# Is there such thing as too many snails?



## PostShawn (Dec 22, 2009)

I know snails produce waste so there must be a bio-load. But how much? I have a 14g with some molly fry in there. I had snails in my 20g so I figure instead of killing them I would just put them in my temporary 14g fry tank. So after putting a few in there and a few weeks later I now have about 200 snails. I really don't mind the snails taking over because the tank is setup for my fry to grow and then I would maybe get rid of them. But for the time being are they putting too much stress on the water and fry in there? I have a filter going and do weekly water changes. The fry seem to be doing great and growing quickly. So I can't tell if there is anything about to go crazy with so many snails in there. 

Thanks.


----------



## emc7 (Jul 23, 2005)

Watch the water quality. When you can't keep any one of nitrate, nitrite, or ammonia down with the maintenance (cleaning and water changes) you are willing to do, then a tank is overstocked and you should reduce the 'bio-load' by taking something out, and/or add a filter. Non-test indications are bad smells, algae going nuts, dead or dying fish or snails, cloudy water, pH falling, red gills, gasping at the surface, etc.
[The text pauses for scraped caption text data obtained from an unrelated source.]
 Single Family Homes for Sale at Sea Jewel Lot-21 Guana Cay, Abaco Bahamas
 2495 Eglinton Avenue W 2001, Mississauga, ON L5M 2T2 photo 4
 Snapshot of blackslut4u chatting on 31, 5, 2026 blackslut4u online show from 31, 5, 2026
Snails can overstock a tank because they multiple like crazy when there is any excess food. A snail-burst is usually an indication of overfeeding, but they don't go away when you get the feeding under control. 

There are always people looking for snails to feed puffers, you can leave a slice of zucchini in the tank overnight and pull it in morning covered in snails. Mail the snails. You'll end up overstocked eventually when your fry grow up or you add more fry.


----------



## PostShawn (Dec 22, 2009)

I have two female molly and no males in the 20g I got from the LFS and they came pregnant. So once they are done that's it for fry. I realize I may have another couple months or so of possible fry. I'm going to give the fry away to either other fish peeps or the LFS so keeping them is not my concern. I just wanted to know can the snails hurt the fry through bad water quality and such? I guess they can. But so far since I have a filter and also do water changes it seems like it's mostly under control. The water is crystal clear. The fry seem real happy and active, no gasping. I may be guilty of over feeding the fry because I wanted to make sure they are getting enough good to grow big and healthy. They are at that point where they are healthy and about 3 weeks old now so I think I will let off on the over feeding. 

Thanks emmc7.


Anyone want snails or molly fry in SoCal? Free ;-)


----------



## AvocadoPuffDude (Jan 20, 2011)

Snails are cool people.
Did you know you can "train" snails? Every morning, smash all the snails on the front pane of the aquarium. Do this every morning, right when you turn on the lights. After a few days, all the snails left will avoid the front pane of the aquarium.
I don't advocate just killing all snails for the sport of it, but if you have too many, they are a wonderful food for the fish, baby mollies included. Just leave the smashed snails where they are and the fish will pick at it and eat it.
AN over population of snails does indeed indicate excessive feeding, but understandable when growing out fry. Just know that unless there's great competition for food, you don't need to over feed in this situation (where the babies are in a tank full of larger fish, yes, then it keeps the predators full and not so apt to hunt down the babies.) Also, mollies are notorious for picking at algae and plants and will get some food that way. Over feeding is the biggest mistake beginners make, because you're really fouling the water when you do. Snails can HELP but probably won't do the best job of getting everything, that is to say, all of the excessive food.
As far as adding a significant bio load, yes, perhaps they do in such a small tank with so many, but unless you start having problems - fish dying off, getting sick, etc, you should be fine so long as you maintain regular filter changes and stay on top of water changes and your 4 basic parameters - pH, ammonia, nitrite and nitrate.
Btw, my avocado puffer, Mulva, LOVES THEM SNAILS!!!! Wish I were closer, I'd take all of them you wanted to get rid of. (FINALLY figured out how to upload a photo of her!)
Good luck to you!


----------